Aujourd’hui, lui comme d’autres n’ont plus aucun contact avec celle qui est devenue directrice de recherche à Sciences Po. Arrêtée en juin 2019 dans son pays d’origine, elle est sous le coup d’une peine de prison de cinq ans pour "propagande contre le système" et "collusion en vue d'attenter à la sûreté nationale", qu’elle effectue depuis le 3 octobre assignée à résidence, sous contrôle d’un bracelet électronique. Son compagnon Roland Marchal, spécialiste réputé de l'Afrique arrêté également en juin 2019 alors qu'il était venu lui rendre visite, a été libéré en mars 2020 dans le cadre d'un échange de prisonniers.

"C’est une femme d’une volonté extraordinaire. Elle est devenue une chercheuse reconnue au niveau international. Maintenant, enfermée dans sa demeure, elle a repris des cours d’arabe, elle traduit en persan ses publications. Elle a aussi une activité artistico-scientifique de collage de bois, entamée en prison, puisque c’est tout ce qu’elle pouvait y faire. Elle crée des œuvres qui exprime son point de vue sur la société".

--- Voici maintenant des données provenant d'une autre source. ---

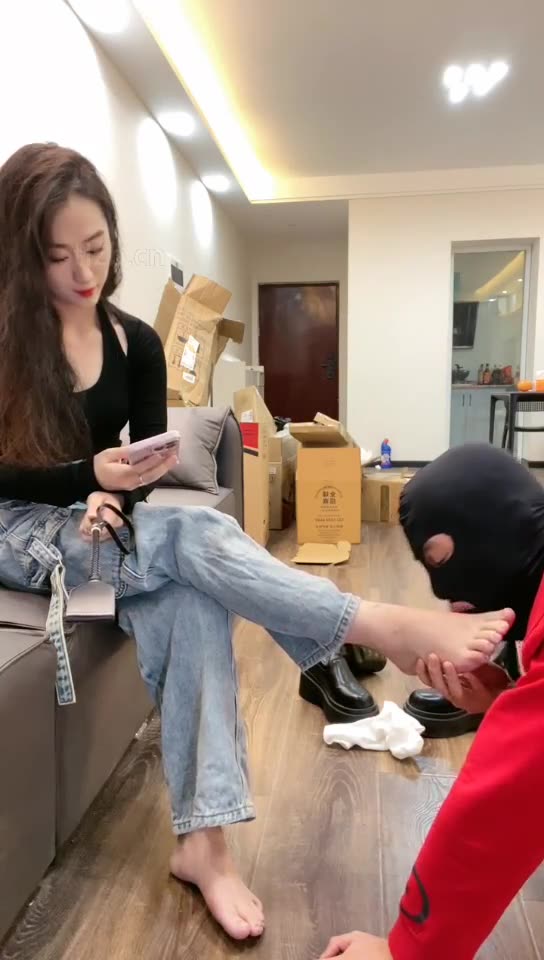 七七 趴着向我走来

Une chercheuse hors-normes

Loin de n’être qu’un symbole de soutien à la spécialiste de l'anthropologie politique de l'Iran post-révolutionnaire, ce prix, qui s'accompagne d'une enveloppe de 40.000 euros, est avant tout la reconnaissance d’une "femme de terrain", "dont la vocation et l’œuvre cherche à vous faire comprendre une société", avance à son tour le professeur Jean François Bayart, Président du comité de soutien à Fariba Adelkhah. "Elle a beaucoup travaillé en ne cessant de faire des enquêtes de terrain en Iran, mais également en Afghanistan. Elle s’est imposée comme une voix originale et indépendante."

"Elle a passé plusieurs mois au centre de l’Afghanistan, dans des conditions de vie très difficile pour étudier la situation des femmes Hazaras, une minorité chiite dont elle voulait étudier la relation avec la religion", cite en exemple Hugues Dreyssé.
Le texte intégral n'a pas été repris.